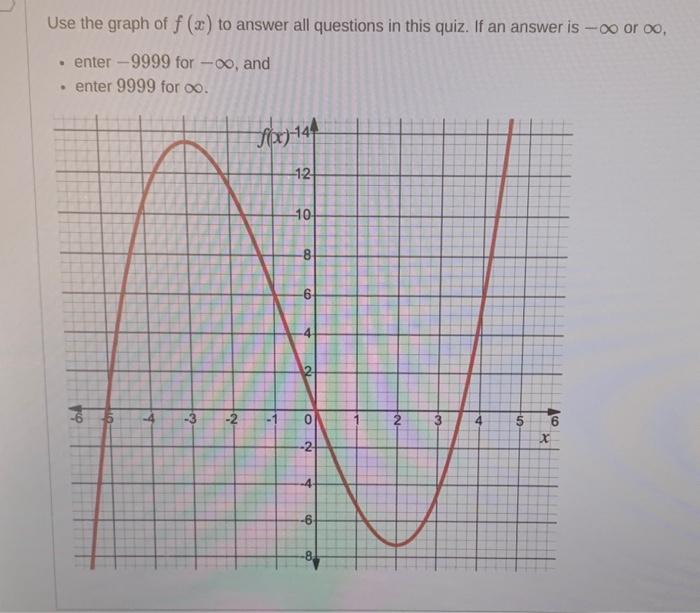 Solved Use the graph of f(x) to answer all questions in this | Chegg.com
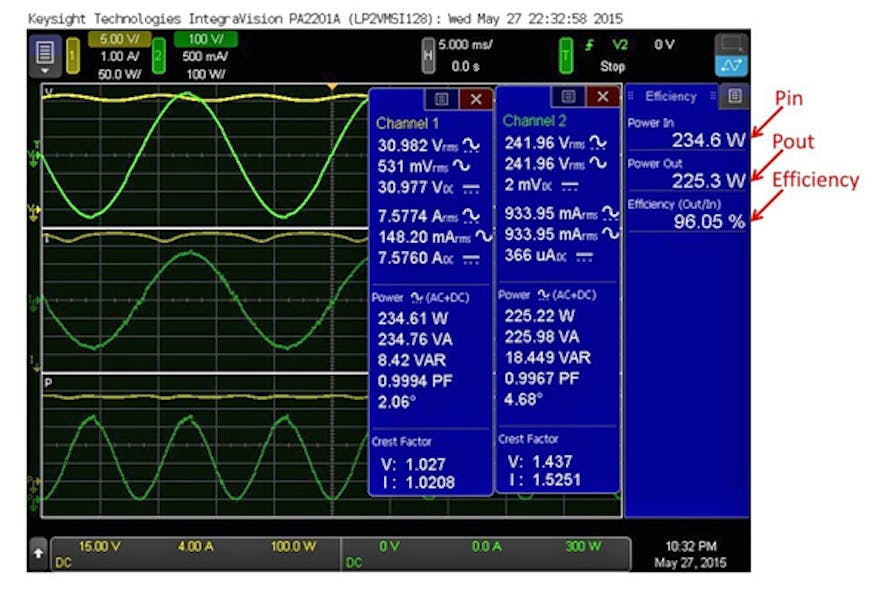 Electronicdesign Com Sites Electronicdesign com Files Uploads 2015 02 0915 Keysight Zollo F3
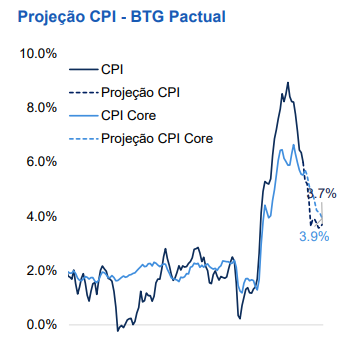 Imagem mostra projeção do BTG para o CPI dos EUA.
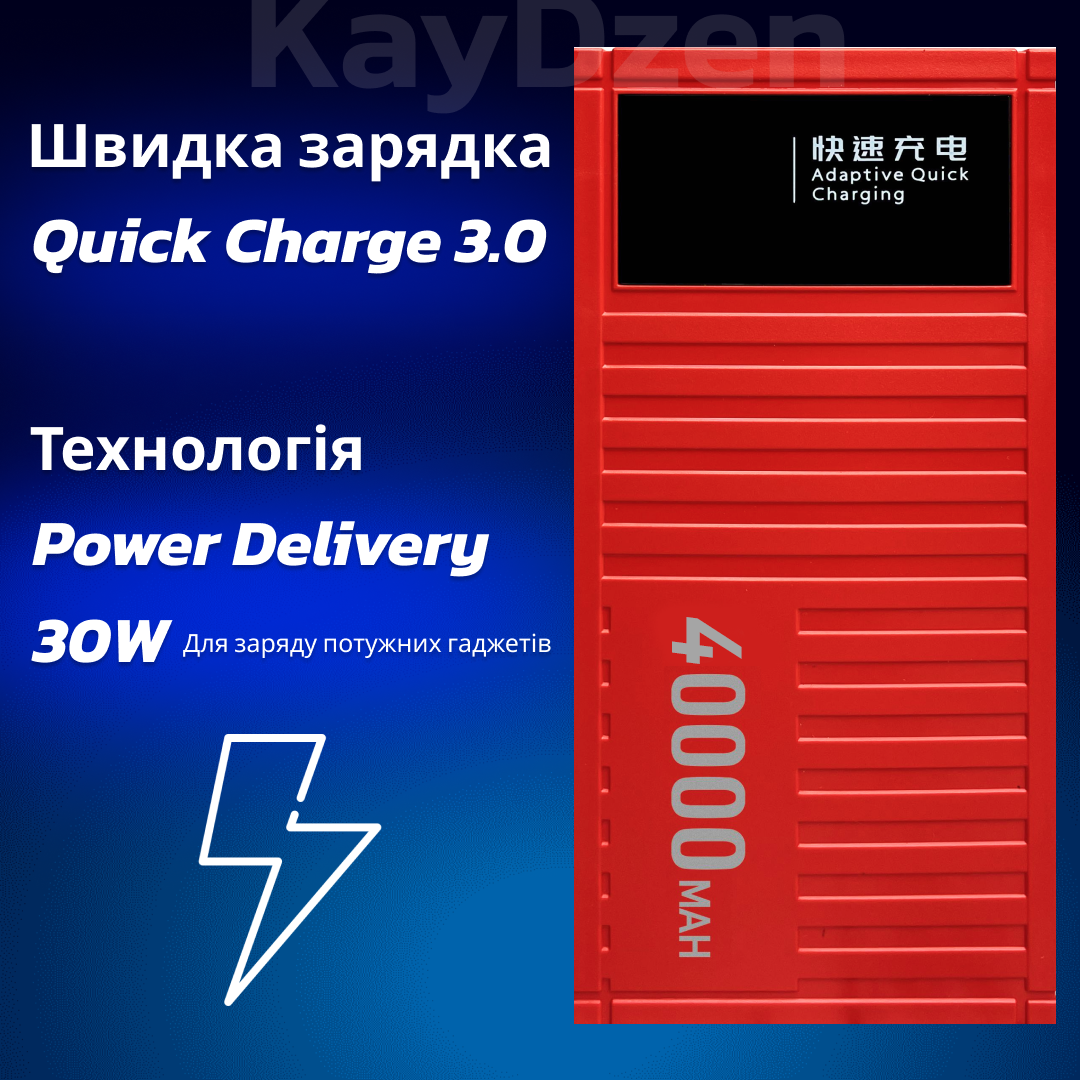 Повербанк Andowl Q-CD4000 40000 mAh швидка зарядка QC3.0 PD30W Червоний (0c3fc02a) - фото 4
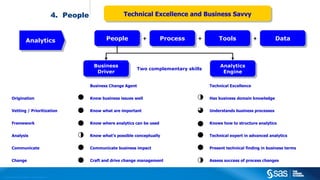 Copyright © 2012, SAS Institute Inc. All rights reserved.
4. People
AnalyticsAnalytics PeoplePeople ProcessProcess ToolsTools DataData+ + +
Business
Driver
Business
Driver
Analytics
Engine
Analytics
Engine
Origination
Vetting / Prioritization
Framework
Analysis
Communicate
Change
Business Change Agent
Know business issues well
Know what are important
Know where analytics can be used
Know what’s possible conceptually
Communicate business impact
Craft and drive change management
Technical Excellence
Has business domain knowledge
Understands business processes
Knows how to structure analytics
Technical expert in advanced analytics
Present technical finding in business terms
Assess success of process changes
Two complementary skills
Technical Excellence and Business SavvyTechnical Excellence and Business Savvy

**Work item**
Wherever the string "what" occurs in the records above, copy that line.

**Answer section**
Know what are important
Know what’s possible conceptually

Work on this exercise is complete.